▶ _About this task_
Return every line from the one with "comunican entre si" through the one with "intervención del profesor o profesora.", inclusive, exactly as it appears below.

▶ _Exercise materials_

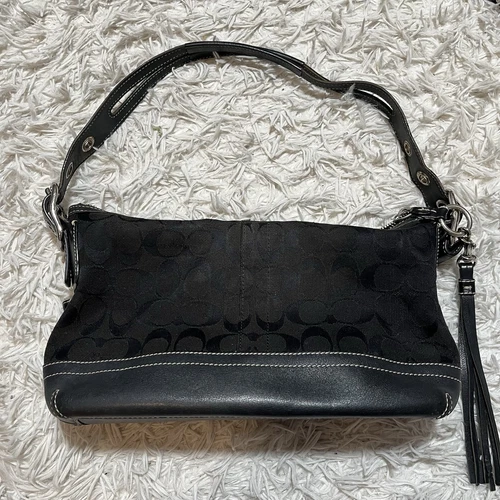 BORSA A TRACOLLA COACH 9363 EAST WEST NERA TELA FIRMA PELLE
--
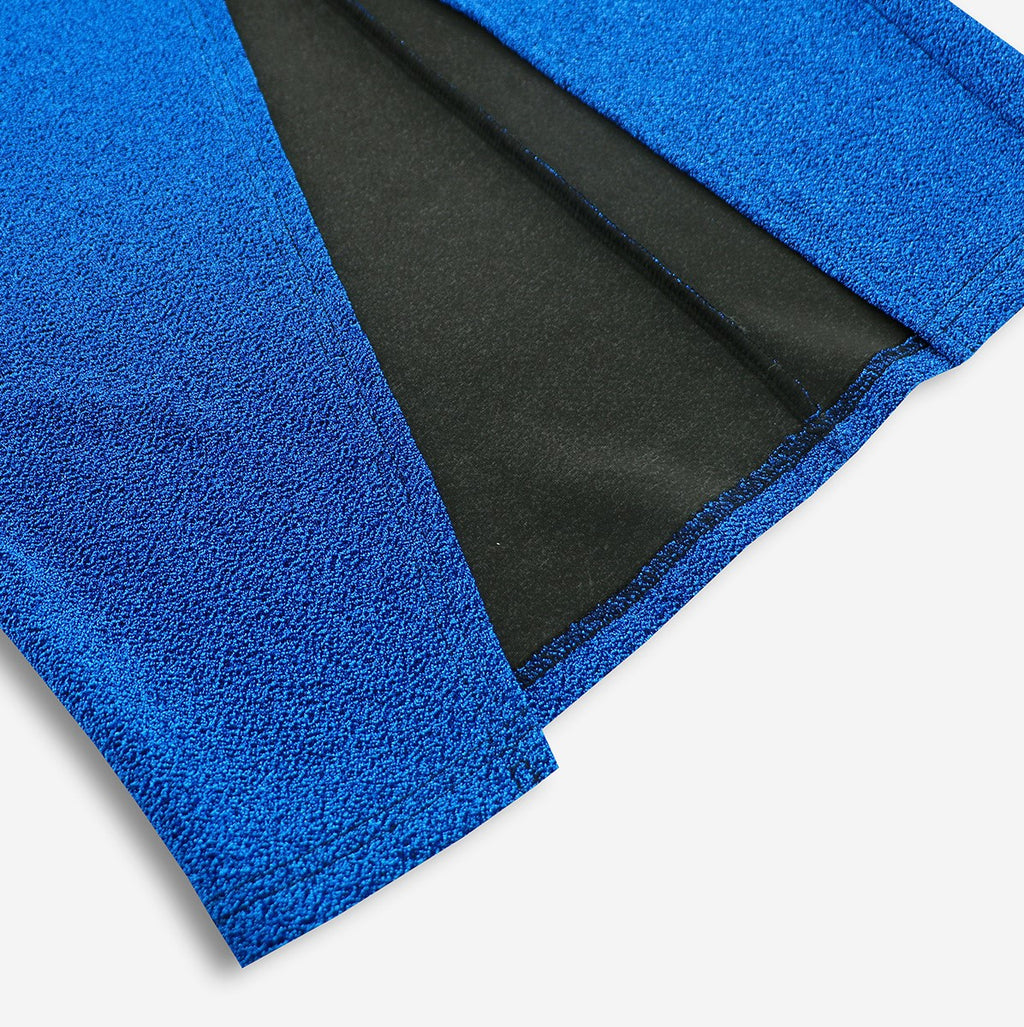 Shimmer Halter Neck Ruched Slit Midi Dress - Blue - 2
---
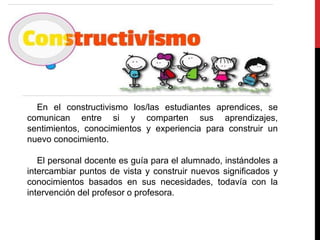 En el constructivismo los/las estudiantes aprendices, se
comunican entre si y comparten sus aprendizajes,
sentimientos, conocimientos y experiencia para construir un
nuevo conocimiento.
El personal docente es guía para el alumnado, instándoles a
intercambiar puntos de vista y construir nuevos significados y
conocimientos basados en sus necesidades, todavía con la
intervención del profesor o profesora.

▶ _Output for this task_
comunican entre si y comparten sus aprendizajes,
sentimientos, conocimientos y experiencia para construir un
nuevo conocimiento.
El personal docente es guía para el alumnado, instándoles a
intercambiar puntos de vista y construir nuevos significados y
conocimientos basados en sus necesidades, todavía con la
intervención del profesor o profesora.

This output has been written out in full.